Helium is burnt via the triple alpha reaction: 3He⁴ -> C¹² at a rate of λ_3α(He⁴)³, where He⁴ denotes the number abundance of He⁴. Once there is some C¹² present then we can get C¹²(α,γ)O¹⁶ which occurs at the rate λ_12αHe⁴C¹². Then, once O¹⁶ has been produced, we also get O¹⁶(α,γ)Ne²⁰ which occurs at the rate λ_16αHe⁴O¹⁶.

Write down DE's for He⁴,C¹², O¹⁶, Ne²⁰ abundances as a function of time.

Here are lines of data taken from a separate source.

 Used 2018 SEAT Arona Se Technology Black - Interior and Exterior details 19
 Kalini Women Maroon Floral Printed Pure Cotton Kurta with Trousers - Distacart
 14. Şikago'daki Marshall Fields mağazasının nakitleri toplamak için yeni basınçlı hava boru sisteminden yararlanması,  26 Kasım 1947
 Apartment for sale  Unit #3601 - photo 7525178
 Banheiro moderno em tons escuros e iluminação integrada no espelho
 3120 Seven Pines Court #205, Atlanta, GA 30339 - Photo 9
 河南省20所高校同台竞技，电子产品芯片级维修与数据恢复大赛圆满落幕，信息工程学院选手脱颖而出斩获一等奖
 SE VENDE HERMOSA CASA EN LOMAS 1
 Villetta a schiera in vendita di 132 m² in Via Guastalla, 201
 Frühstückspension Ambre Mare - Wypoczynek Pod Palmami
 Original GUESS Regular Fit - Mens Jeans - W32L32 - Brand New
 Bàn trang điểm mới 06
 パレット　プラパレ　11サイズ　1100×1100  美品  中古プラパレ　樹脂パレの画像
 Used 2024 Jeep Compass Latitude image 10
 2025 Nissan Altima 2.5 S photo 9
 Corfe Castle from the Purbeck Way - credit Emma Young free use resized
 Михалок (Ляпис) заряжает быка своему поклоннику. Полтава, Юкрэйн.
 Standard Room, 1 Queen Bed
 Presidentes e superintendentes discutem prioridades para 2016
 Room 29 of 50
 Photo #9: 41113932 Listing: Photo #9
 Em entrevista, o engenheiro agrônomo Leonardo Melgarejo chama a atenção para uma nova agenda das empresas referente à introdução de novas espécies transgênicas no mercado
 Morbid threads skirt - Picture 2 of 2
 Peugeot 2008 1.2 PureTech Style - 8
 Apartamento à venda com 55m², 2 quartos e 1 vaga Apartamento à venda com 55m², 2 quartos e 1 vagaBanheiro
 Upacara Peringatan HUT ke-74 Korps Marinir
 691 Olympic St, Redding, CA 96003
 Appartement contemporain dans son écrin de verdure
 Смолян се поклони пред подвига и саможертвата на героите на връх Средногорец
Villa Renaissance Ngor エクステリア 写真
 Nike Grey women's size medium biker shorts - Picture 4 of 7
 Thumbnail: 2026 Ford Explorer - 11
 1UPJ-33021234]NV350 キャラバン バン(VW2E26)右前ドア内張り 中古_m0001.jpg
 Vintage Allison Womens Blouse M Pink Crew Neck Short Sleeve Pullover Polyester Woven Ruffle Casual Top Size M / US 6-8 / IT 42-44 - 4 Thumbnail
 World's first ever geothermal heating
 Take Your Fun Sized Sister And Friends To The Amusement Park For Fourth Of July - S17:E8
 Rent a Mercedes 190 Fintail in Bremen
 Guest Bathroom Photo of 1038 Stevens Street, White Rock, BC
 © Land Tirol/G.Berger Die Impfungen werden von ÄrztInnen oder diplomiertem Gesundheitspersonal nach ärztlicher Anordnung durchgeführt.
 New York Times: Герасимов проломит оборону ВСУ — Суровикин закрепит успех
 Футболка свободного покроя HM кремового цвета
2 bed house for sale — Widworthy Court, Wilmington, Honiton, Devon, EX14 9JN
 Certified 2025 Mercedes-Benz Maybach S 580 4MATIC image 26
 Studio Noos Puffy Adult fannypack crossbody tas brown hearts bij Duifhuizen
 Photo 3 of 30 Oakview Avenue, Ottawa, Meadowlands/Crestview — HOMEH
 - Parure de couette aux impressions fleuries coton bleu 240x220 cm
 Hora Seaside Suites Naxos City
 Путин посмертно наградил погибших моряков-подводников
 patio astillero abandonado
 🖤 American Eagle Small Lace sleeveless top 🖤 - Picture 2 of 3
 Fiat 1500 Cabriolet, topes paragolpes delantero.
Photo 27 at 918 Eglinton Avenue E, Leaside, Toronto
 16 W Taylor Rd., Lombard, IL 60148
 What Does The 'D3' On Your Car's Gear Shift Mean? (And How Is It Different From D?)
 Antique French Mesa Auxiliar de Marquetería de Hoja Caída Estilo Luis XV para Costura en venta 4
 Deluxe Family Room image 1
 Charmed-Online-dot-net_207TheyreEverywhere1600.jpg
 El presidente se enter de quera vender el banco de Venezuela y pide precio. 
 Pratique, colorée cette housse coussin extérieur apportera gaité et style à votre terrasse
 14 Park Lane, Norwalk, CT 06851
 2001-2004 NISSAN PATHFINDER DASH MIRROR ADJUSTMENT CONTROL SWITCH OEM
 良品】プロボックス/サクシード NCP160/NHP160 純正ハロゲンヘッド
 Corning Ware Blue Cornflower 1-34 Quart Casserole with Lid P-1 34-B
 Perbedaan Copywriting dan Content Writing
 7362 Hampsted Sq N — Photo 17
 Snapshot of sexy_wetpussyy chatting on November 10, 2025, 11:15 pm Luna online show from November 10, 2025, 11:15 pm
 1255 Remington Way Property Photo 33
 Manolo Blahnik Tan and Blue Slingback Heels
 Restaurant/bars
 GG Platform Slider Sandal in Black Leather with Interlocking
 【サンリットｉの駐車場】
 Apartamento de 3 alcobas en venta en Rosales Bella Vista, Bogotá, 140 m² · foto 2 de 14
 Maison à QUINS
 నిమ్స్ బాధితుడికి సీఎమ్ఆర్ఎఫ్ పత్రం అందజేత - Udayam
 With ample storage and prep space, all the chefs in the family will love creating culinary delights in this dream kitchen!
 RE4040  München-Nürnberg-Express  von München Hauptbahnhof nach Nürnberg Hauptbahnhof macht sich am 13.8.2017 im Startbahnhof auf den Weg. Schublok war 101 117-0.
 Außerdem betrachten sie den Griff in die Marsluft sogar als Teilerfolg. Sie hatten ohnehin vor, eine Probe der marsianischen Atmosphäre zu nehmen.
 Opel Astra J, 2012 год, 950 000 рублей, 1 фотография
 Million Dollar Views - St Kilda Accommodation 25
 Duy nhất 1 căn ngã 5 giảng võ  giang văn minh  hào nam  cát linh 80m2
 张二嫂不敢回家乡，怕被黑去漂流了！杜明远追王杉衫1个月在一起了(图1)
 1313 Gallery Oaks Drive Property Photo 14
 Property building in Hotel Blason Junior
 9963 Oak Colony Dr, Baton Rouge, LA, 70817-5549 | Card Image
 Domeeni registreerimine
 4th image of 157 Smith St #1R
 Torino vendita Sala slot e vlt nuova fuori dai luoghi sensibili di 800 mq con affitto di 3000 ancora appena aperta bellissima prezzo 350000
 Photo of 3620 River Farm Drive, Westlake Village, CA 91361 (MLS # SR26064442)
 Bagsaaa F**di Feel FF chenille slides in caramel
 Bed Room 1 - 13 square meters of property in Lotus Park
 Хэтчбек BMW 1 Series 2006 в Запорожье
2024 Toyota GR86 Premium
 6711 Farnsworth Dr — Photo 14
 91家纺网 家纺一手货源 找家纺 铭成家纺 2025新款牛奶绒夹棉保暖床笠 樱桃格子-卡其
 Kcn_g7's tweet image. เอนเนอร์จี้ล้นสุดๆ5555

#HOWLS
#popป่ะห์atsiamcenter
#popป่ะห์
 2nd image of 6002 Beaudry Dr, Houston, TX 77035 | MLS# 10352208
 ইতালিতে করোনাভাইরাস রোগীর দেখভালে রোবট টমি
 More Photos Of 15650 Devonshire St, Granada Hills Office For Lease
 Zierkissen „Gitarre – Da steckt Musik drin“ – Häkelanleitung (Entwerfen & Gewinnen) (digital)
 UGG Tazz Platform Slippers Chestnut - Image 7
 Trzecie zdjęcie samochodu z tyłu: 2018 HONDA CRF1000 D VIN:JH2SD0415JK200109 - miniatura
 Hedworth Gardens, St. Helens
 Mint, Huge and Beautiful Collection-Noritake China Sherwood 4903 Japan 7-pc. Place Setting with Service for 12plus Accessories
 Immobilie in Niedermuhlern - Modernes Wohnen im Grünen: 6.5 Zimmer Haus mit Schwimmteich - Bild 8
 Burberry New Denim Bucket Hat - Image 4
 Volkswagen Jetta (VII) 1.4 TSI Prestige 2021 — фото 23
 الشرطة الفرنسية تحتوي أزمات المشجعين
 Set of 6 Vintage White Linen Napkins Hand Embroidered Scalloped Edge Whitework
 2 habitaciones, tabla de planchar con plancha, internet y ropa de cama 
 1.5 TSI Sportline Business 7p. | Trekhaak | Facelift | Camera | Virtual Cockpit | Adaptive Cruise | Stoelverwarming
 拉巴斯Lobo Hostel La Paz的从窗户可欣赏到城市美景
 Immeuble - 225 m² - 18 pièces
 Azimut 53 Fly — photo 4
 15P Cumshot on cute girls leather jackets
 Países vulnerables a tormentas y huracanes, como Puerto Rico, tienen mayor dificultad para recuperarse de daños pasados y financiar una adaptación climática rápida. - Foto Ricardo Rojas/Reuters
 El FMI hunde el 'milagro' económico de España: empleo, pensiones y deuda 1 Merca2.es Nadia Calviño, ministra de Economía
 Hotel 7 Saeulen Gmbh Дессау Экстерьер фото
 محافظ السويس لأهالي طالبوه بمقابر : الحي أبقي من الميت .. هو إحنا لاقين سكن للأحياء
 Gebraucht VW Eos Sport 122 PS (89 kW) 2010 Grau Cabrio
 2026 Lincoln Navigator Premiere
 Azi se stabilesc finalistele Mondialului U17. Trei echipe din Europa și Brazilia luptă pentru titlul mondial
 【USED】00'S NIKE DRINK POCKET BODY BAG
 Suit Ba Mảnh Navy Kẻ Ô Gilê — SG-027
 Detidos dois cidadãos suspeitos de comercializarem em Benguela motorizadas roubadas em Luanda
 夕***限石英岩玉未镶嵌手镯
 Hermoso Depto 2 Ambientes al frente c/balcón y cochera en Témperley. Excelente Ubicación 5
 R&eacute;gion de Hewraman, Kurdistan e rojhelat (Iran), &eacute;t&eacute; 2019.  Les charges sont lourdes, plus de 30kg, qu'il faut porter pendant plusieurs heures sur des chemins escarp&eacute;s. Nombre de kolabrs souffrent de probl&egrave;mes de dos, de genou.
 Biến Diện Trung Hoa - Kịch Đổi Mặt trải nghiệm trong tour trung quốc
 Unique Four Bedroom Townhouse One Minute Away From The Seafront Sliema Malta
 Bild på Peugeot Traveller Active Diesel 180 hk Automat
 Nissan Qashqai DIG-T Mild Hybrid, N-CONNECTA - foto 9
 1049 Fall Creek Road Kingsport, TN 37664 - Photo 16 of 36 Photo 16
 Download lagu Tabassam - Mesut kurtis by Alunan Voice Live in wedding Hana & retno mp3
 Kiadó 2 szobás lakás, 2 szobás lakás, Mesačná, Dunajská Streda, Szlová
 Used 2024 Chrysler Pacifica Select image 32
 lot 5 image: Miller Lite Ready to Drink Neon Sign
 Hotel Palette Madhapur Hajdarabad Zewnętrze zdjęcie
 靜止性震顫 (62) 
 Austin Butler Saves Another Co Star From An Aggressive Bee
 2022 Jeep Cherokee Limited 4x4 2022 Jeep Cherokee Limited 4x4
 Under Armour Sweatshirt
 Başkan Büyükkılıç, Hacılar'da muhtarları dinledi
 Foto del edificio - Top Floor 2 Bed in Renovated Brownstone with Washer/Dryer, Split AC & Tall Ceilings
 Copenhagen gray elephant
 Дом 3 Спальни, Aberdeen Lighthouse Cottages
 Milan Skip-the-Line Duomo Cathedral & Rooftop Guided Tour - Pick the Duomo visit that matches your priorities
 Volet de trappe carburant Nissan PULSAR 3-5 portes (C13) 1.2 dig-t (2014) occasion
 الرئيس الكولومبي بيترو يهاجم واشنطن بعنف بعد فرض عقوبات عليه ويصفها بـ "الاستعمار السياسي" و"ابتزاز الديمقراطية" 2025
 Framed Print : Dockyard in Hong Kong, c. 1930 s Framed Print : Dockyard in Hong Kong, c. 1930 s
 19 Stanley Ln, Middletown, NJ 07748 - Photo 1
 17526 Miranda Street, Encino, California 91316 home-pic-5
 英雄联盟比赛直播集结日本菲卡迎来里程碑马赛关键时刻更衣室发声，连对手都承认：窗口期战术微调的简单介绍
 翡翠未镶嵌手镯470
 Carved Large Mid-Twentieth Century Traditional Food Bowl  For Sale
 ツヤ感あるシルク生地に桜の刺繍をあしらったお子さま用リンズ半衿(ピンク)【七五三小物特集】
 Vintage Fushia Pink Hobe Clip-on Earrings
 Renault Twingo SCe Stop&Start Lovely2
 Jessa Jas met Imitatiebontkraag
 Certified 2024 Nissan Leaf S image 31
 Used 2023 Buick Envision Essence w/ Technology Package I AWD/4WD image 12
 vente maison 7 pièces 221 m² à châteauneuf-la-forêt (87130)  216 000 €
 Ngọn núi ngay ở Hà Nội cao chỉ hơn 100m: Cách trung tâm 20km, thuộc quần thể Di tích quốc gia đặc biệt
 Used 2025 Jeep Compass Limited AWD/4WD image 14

Basically here's what I did.
d(He⁴)/dt = production - destruction = - λ_3α(He⁴)³
d(C¹²)/dt = production - destruction = λ_3α(He⁴)³ - λ_12αHe⁴C¹²
d(O¹⁶)/dt = production - destruction = λ_12αHe⁴C¹² - λ_16αHe⁴O¹⁶
d(Ne²⁰)/dt = production - destruction = λ_16αHe⁴O¹⁶

This is most likely wrong, but I'd thought I'd just give it a shot.
Any thoughts?
Thanks in advance

 

[gtoguy97]

.Your equations look correct to me. The only thing I would add is to make sure that you include the rate coefficients for the reactions (e.g. λ3α) as constants in your equations. You will also need to add a source of He4 if it is not being produced.